Based on the effects modeled in Figure 3, we consider that for the primary four colors together, there may be no rotations other than the original where the colors remain opponents and will be matched in strength. A possible consequence of this is that color contrast could be highest for the original and lower for all rotations. Such changes might not only affect the opponent colors, but they could be widespread over the whole color gamut, because hue and saturation might not vary smoothly and systematically over rotation in physiological space as they do in the CIELAB space.
It seems likely that in the visual arts, some painters may intentionally seek to maximize color contrast; an example is provided by previous analyses of the paintings by van Gogh that showed a frequent use of complementary colors (Berezhnoy et al., 2007), that is opposite colors in terms of hues, that strongly enhance the chromatic properties of colors and contours of objects in his paintings (Li & Chen, 2009; Mamassian, 2008). Thus, we surmise that rotations in CIELAB color gamut would particularly reduce the perceived color contrast compared to the original paintings. Moreover, a recent computational analysis employing a deep convolutional neural network to identify the distinct visual features in art paintings as well as photographs supports the view that a low-level feature like (luminance) contrast can predict the viewers’ esthetic preferences (Iigaya et al., 2021; Reber et al., 2004). Indeed, contrast (NB: in luminance) appear to be one of the common factors (together with symmetry, complexity, proportion, contour, brightness) underlying esthetic preferences (Juricevic et al., 2010; McAdams et al., 2023), often shared across cultures (Che et al., 2018). Luminance contrast can also affect preference in other domains, like facial attractiveness from photos (Russell, 2003). Unsurprisingly, Krentz and Earl (2013) showed that reducing luminance contrast in paintings and then forcing adults or children to choose one of the two in a pair, leads to the originals being chosen (or looked at) more frequently than the degraded versions.

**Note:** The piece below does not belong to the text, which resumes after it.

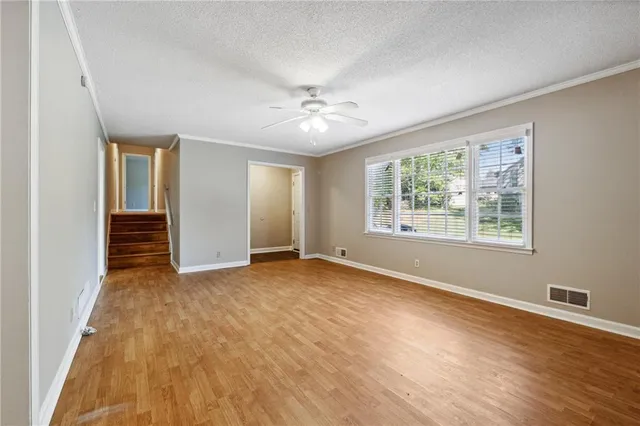 a view of an empty room with a window and wooden floor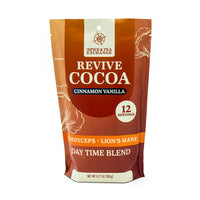 A 6.77 oz (192g) standing pouch of Revive Cocoa Cinnamon Vanilla, a daytime blend with cordyceps and lion’s mane mushrooms, contains 12 servings.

We believe that color contrast is a feature that is likely to change dramatically when transforming hues, given the expected compression effects of rotations within the color opponency channels. Moreover, as discussed by Altmann et al. (2021), if gamut rotations reduce the number of perceived color categories and, consequently, their perceived color contrasts, then participants may tend to choose those paintings that look “richer” in colors or appear to have more color variance or complexity. Therefore, we begin by presenting an analysis where we computed color contrast within two color spaces: The CIELAB, as in all previous studies, as well as in an alternative model of physiological color space, that we based on the multistage color model of De Valois and De Valois (1993). Our predictions are that applying color rotations will lead to significant physical changes in the above measure and, likely, within both the “De Valois” color space than the CIELAB spaces, though with different strength.
Method
Stimuli. We analyzed 22 original abstract art paintings obtained from Yuma Taniyama and Shigeki Nakauchi (Toyohashi University of Technology in Japan), originally selected from “fair use” images in WikiArt (https://www.wikiart.org/, search key: genre Abstract paintings). This selection of paintings covers an art period ranging from 1913 to 2007, with the majority being created in the second half of the 1900s. A few of the selected paintings were by well-known artists (e.g., Fernand Leger, Joan Mitchell). Paintings’ sizes were normalized by bilinear interpolation, setting the smallest axis to 512 pixels while preserving the aspect ratio. The color gamuts of the paintings were rotated following the procedure described by Nascimento et al. (2017), where the L* plane of the CIELAB color space was kept constant while the a* b* coordinate for each pixel in the image was rotated around the mean color of the image. All images were rotated from −180° to 180° (−π to π radians, in steps of 0.01π), with the original image as a starting point for each rotation. Points falling outside the sRGB gamut after rotation were set to the surface boundary of the sRGB gamut projected in CIELAB space, by reducing saturation while keeping the hue angle. All analyses were performed in MATLAB R2022a.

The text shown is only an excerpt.